*SOURCE MATERIAL*.
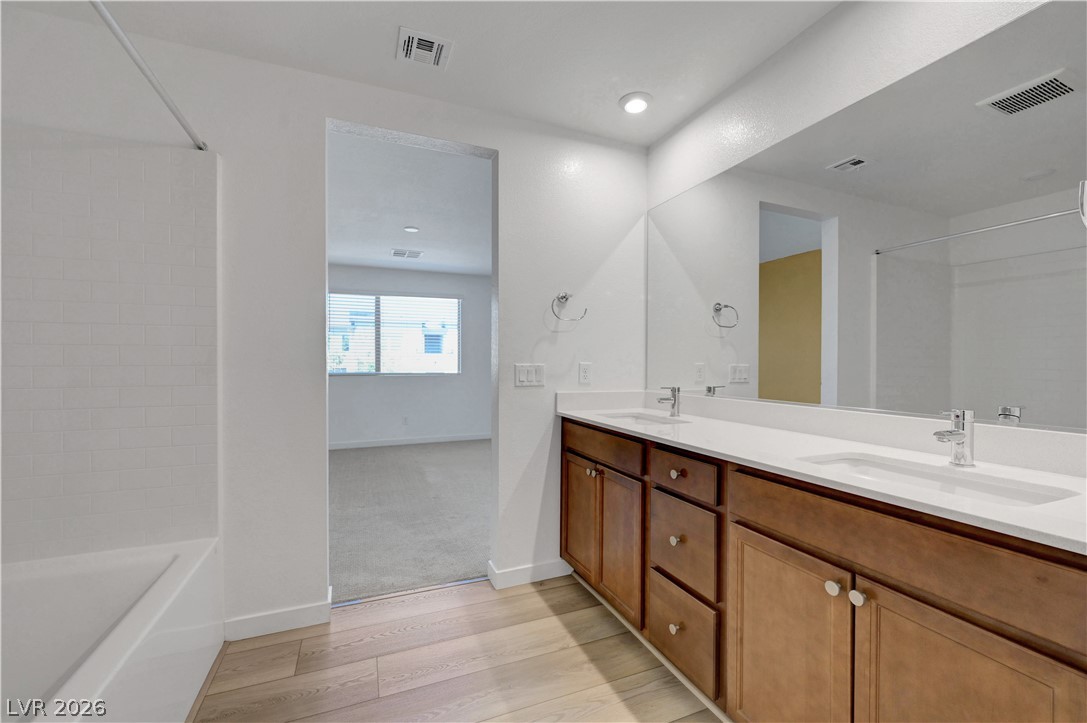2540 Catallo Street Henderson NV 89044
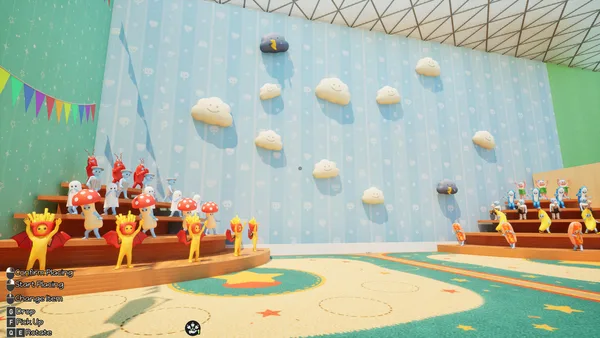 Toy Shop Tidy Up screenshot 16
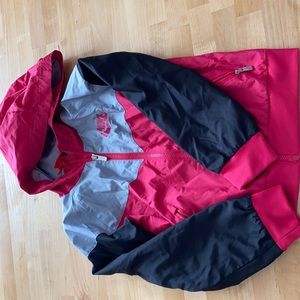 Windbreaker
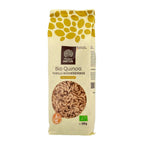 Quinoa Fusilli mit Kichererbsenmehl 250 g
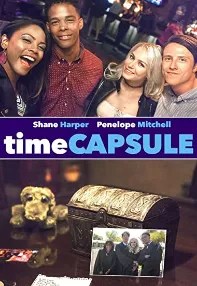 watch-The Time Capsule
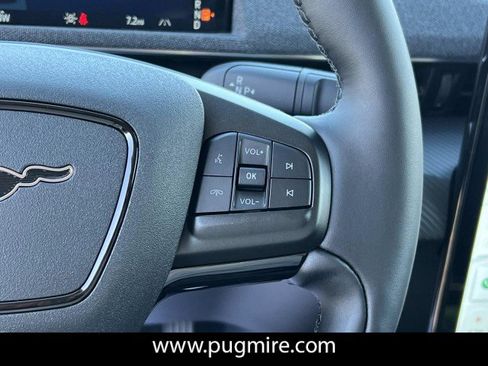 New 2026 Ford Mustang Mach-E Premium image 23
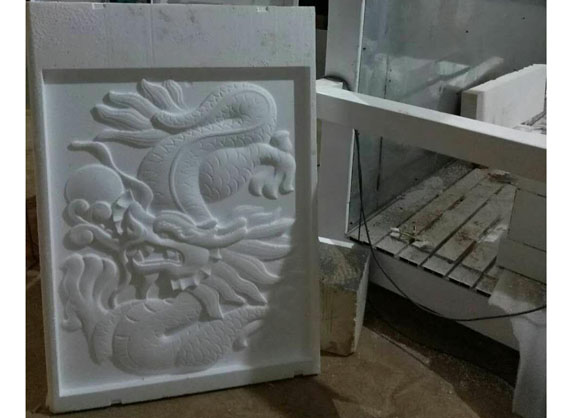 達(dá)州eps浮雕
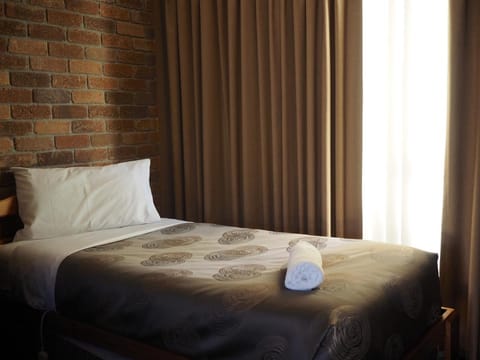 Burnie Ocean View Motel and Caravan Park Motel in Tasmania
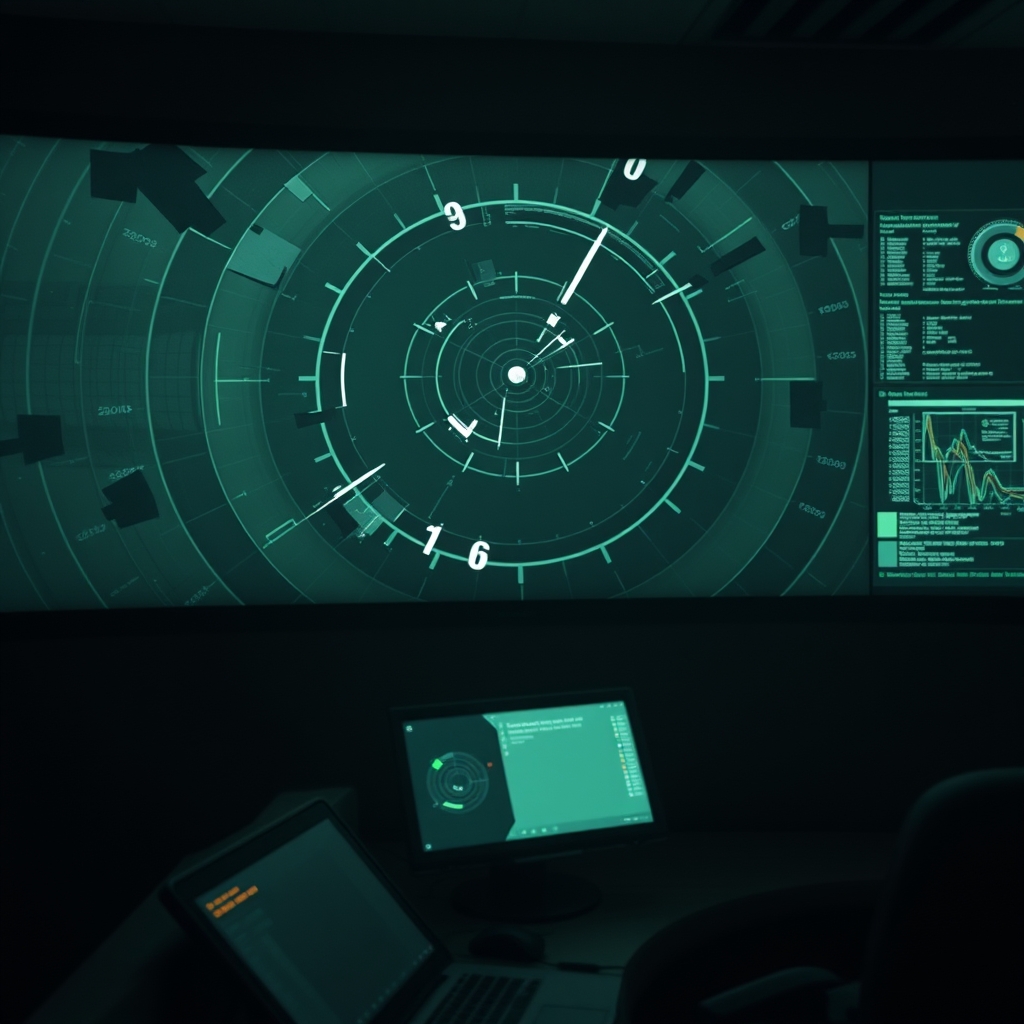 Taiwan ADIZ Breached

*YOUR GOAL*.
Output the data exactly. Pictures don't belong in the result.

*TASK RESULT*.
2540 Catallo Street Henderson NV 89044
 Toy Shop Tidy Up screenshot 16
 Windbreaker
 Quinoa Fusilli mit Kichererbsenmehl 250 g
 watch-The Time Capsule
 New 2026 Ford Mustang Mach-E Premium image 23
 達(dá)州eps浮雕
 Burnie Ocean View Motel and Caravan Park Motel in Tasmania
 Taiwan ADIZ Breached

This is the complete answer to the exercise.